Tento não pensar. Inclusive não escrevo muito quando estou em turnê. Aquele processo todo de tocar para as pessoas ouvirem não me deixa achar natural o processo de composição. Tenho este questionamento interno: "Por que estou escrevendo isto agora?" Se estou na estrada, aí penso em como aquela canção soará nos shows. Se estou em casa, consigo escrever algo para uma pessoa só. Se é de amor, para a minha esposa. Se é uma conversa com um irmão, um amigo, consigo focar naquela pessoa em questão para terminar a música. Acho muito importante fazer isso, pensar em uma pessoa só quando você está fazendo uma música - pelo menos para o tipo de som que eu faço.

No passado você disse ter vontade de aproveitar mais as viagens de turnê, conhecer os lugares por onde passa. Tem dado para fazer isso?

Sim, bastante até. Sempre foi divertido e tudo o mais, só que quando começamos, viajávamos eu, meu baterista e o baixista em uma van. Eu não tinha filhos e mesmo a minha esposa ficava em casa nesse começo. Aí começamos a ter grana para trazê-la também, tivemos filhos que passaram a viajar conosco... É uma diferença muito grande entre o antes e o depois. A tecnologia me ajudou muito. Antes tínhamos de fazer passagem de som em cada lugar, porque o sistema de cada casa de shows era diferente. Agora nosso cara do som viaja com uma mesa própria, já programada - então eliminamos esse processo. Quem faz com que eu aproveite mais hoje são as crianças, que sempre querem ir aos museus e às praias. Se fosse só eu, provavelmente ficaria no hotel dormindo, cansado.

Nas turnês você também trabalha com algumas ONGs. O que são esses projetos?

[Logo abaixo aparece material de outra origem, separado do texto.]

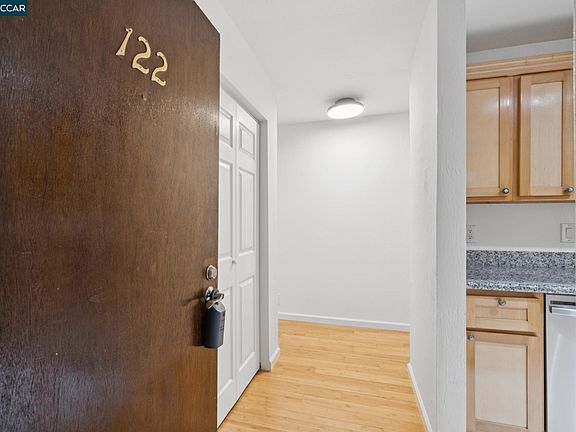 2nd image of 150 Pearl St APT 122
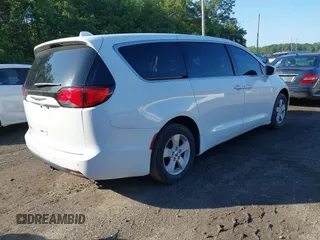 2020 Chrysler Pacifica Touring with VIN 2C4RC1FG4LR135808, listed as a IAAI auction lot 42553096 with 152,942 mi miles and . Bid and sale history available at DreamBid. Image 4.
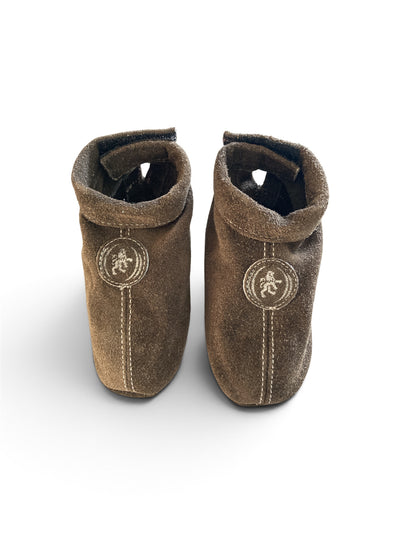 Donkerbruine suede babyslofjes van Oxxy
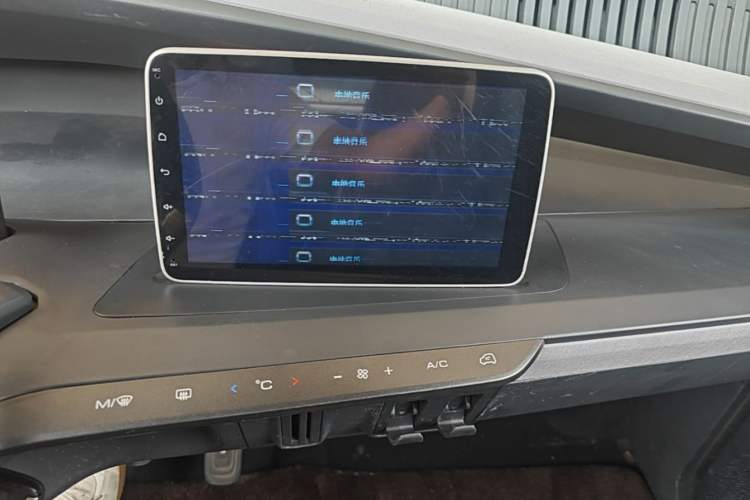 Used Baojun E200 2020 305KM Smart Drive Version Audio And AC Panel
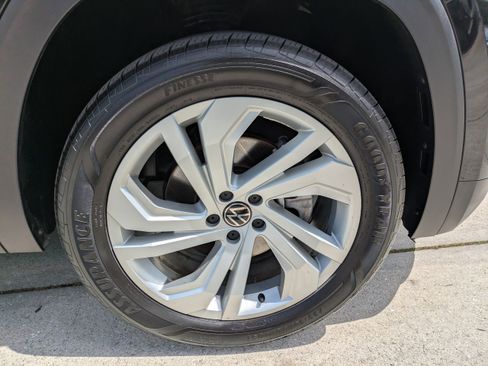 Used 2022 Volkswagen Atlas SE FWD image 11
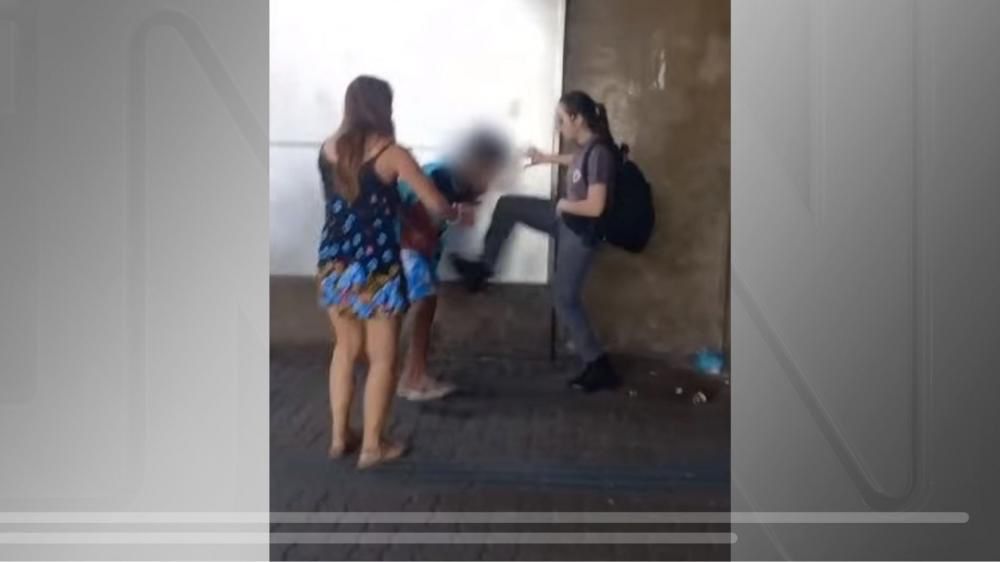 Policial militar se recusa a ajudar e chuta jovem negro ameaçado por homem armado em SP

É, mas o que faz isso tudo acontecer é o time que trabalha comigo. Eu tenho as ideias, eles realizam. Trabalho basicamente com duas organizações: uma é a Kokua Hawaii Foundation, que cuida de educação ambiental no Havaí e também tem ideias para que a comida consumida nas escolas seja produzida localmente e, assim, acabe sendo mais saudável; e há outra chamada Johnson Ohana Charitable Foundation, que ajuda a sustentar boas ideias em música ou no meio ambiente.

E as ONGs locais?

Sim, também trabalhamos com elas. Na América do Sul, na última vez, trabalhamos com a Surfrider Foundation. Eles tinham um projeto de escola de surfe para crianças, um ambiente positivo, que dava ótimos exemplos de vida para elas. Mas desta vez ainda preciso checar como vai ser. Tenho um coordenador que separa os grupos para me apresentar.

Para encerrar, você também teve uma experiência negativa com o mar: estava no Japão quando o tsunami ocorreu. Como foi?

Foi assustador. Estávamos, eu e a minha família, no 29º andar de um prédio quando isso aconteceu. Os dias seguintes foram muito tristes. Foi uma lembrança do poder do oceano. As cenas ocorridas são muito difíceis de se assistir. E agora é muito ruim saber da radiação nuclear que está no mar, sendo detectada até no Havaí. É tão triste para mim quanto para qualquer outro ser humano... É a realidade, é o que acontece. É uma situação muito pesada.